When Clark hits the water, h = 0
-4.9t^2 + 20t + 5 = 0
Use the quadratic formula, reject the negative, and realize that he must have been in the air for over 4 seconds.
Did somebody just randomly make up these numbers? Surely no textbook would have that question, or does it??
To solve the given problem, we can use the equations of motion. These equations describe the motion of an object under constant acceleration. In this case, the acceleration due to gravity will be considered as constant throughout the motion.
A. To find Mr. Martin's height, velocity, and acceleration after 0.5 seconds, we need to use the following equations:
1. For height (h):
h = h0 + v0t + (1/2)at^2
where
h0 = initial height = 5 meters
v0 = initial velocity = 20 m/s (upward)
t = time = 0.5 seconds
a = acceleration = -9.8 m/s^2 (taking downwards as negative)
Plugging in the values, we have:
h = 5 + 20(0.5) + (1/2)(-9.8)(0.5)^2
= 5 + 10 - 1.225
= 13.775 meters (height after 0.5 seconds)
2. For velocity (v):
v = v0 + at
where
v0 = 20 m/s (upward)
t = 0.5 seconds
a = -9.8 m/s^2
Plugging in the values, we have:
v = 20 + (-9.8)(0.5)
= 20 - 4.9
= 15.1 m/s (velocity after 0.5 seconds)
3. For acceleration (a):
Since the acceleration due to gravity is constant, it remains -9.8 m/s^2 throughout the motion.

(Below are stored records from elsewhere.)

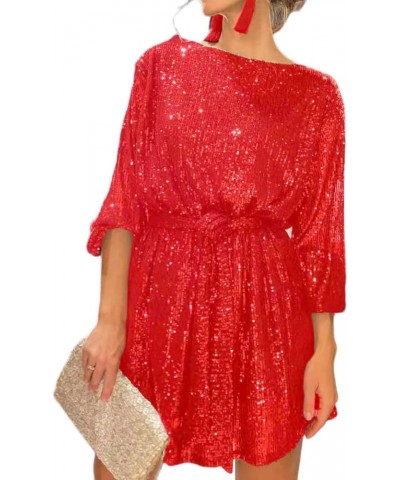 Womens Sequin Dress Sparkly Glitter Dress Short Sleeves Babydoll Summer Dress Round Neck Tired Loose Club Mini Dress B-red $1...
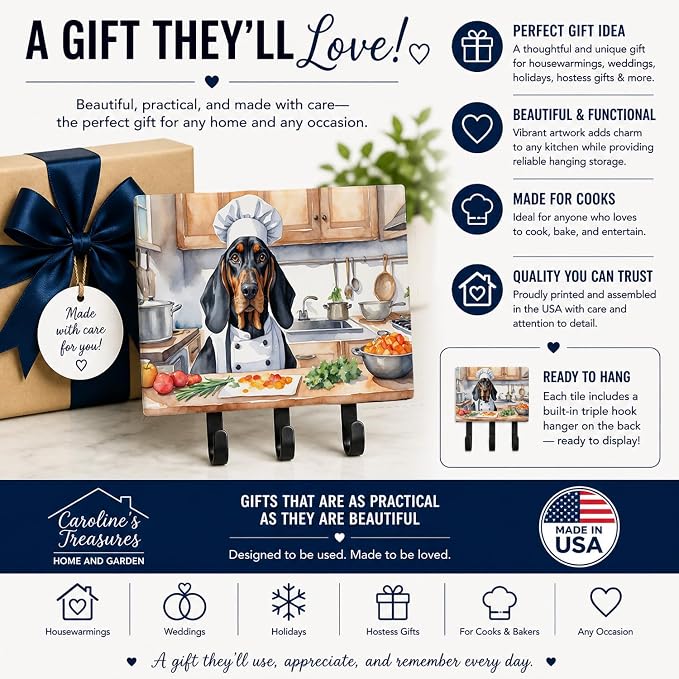 Caroline's Treasures Black and Tan Coonhound The Chef Leash or Key Holder Wall Hooks, Key Hooks Holder, Coat Rack Wall Mount, Coat Hooks, Hooks for Hanging Keys, Towels, Aprons, Leashes | Black and Tan Coonhound The Chef artwork on ceramic tile with th...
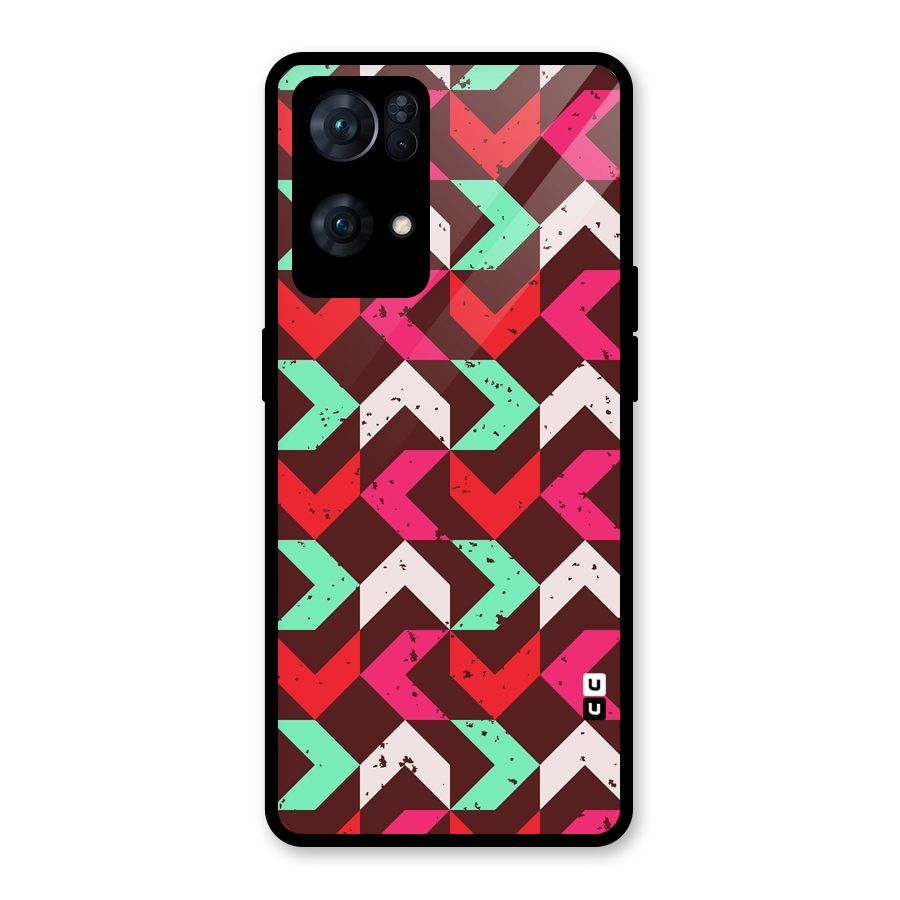 Retro Red Pink Pattern Glass Back Case for Oppo Reno7 Pro 5G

B. To determine when Mr. Martin will hit the water, we need to find the time it takes for him to reach the ground (height = 0). To do this, we can use the height equation mentioned earlier and solve for time (t):
h = h0 + v0t + (1/2)at^2
where
h0 = 5 meters
v0 = 20 m/s (upward)
t = ? (time till height = 0)
a = -9.8 m/s^2
Setting h = 0, we have:
0 = 5 + 20t + (1/2)(-9.8)t^2
Rearranging the equation and solving for t, we get:
-4.9t^2 + 20t + 5 = 0
Using the quadratic formula, we find two solutions for t: t = -0.113 seconds and t = 4.303 seconds.
The negative value is not meaningful in this context, so we discard it.
Therefore, Mr. Martin will hit the water after approximately 4.303 seconds.
C. Mr. Martin's maximum height off the board can be found using the same height equation. The maximum height occurs when the vertical velocity becomes 0 (at the peak of the motion). So we set v = 0 and solve for h:
v = v0 + at
0 = 20 + (-9.8)t
Solving for t, we get:
t = 20/9.8
= 2.04 seconds (time taken to reach maximum height)
Now, we can substitute this time value into the height equation:
h = 5 + 20(2.04) + (1/2)(-9.8)(2.04)^2
= 5 + 40.8 - 20.103
= 25.697 meters (maximum height off the board)
D. Mr. Martin's maximum velocity when he hits the water can be found using the equation of motion for velocity (v). At the point of impact, the height will be 0, so we can use this information to find the velocity:
v = v0 + at
0 = 20 + (-9.8)t
Solving for t, we get the same value as before: t ≈ 4.303 seconds.
Now we can substitute this time value into the velocity equation:
v = 20 + (-9.8)(4.303)
≈ -17.99 m/s (negative sign indicates downward direction)
Therefore, Mr. Martin's maximum velocity when he hits the water is approximately 17.99 m/s downward (towards the water).
E. To find Mr. Martin's velocity when he reaches half of his maximum height, we need to determine the corresponding time. Half of the maximum height would be h/2 = 25.697/2 ≈ 12.8485 meters.
Setting h = 12.8485 meters in the height equation:
12.8485 = 5 + 20t + (1/2)(-9.8)t^2
Rearranging and solving the equation, we find two solutions for t: t ≈ 0.645 seconds and t ≈ 3.395 seconds.
The time taken to reach half of the maximum height is approximately 0.645 seconds.
Now we can calculate Mr. Martin's velocity at this time using the velocity equation:
v = v0 + at
v = 20 + (-9.8)(0.645)
≈ 13.04 m/s (upward)
So, Mr. Martin's velocity when he reaches half of his maximum height is approximately 13.04 m/s (upward).